You are viewing a plain text version of this content. The canonical link for it is here.
Posted to dev@nutch.apache.org by d_k <ma...@gmail.com> on 2014/05/23 12:51:05 UTC

Are these settings/behaviors really required to maintain when porting httpclient to 4.3.3?

Hello,

I'm porting the protocol-httpclient to 4.3.3 and I came across some
settings set on the client that i'll be happy to clarify.

currently i'm having trouble with the makeLenient() [0] API call because
some of the settings set there are only available using a custom response
message parser which leads me to believe one should not do that unless a
crawler like nutch has some special requirements for them.

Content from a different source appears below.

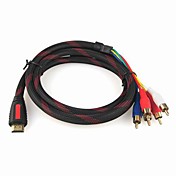 HDMI 1.3 Version Male to 5RCA Male Cable for Smart LED HDTV, APPLE TV , Blu-Ray DVD and More (5 m, Red & Black)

Currently the settings i'm struggeling with are:

http.protocol.unambiguous-statusline = false
http.protocol.strict-transfer-encoding = false
http.protocol.reject-head-body = false
http.protocol.warn-extra-input = false
http.protocol.status-line-garbage-limit = 0

and i was wondering perhaps we can leave it to the default httpclient
values?

If not then could someone explain to me why these settings are important
enough to write a custom parser for them?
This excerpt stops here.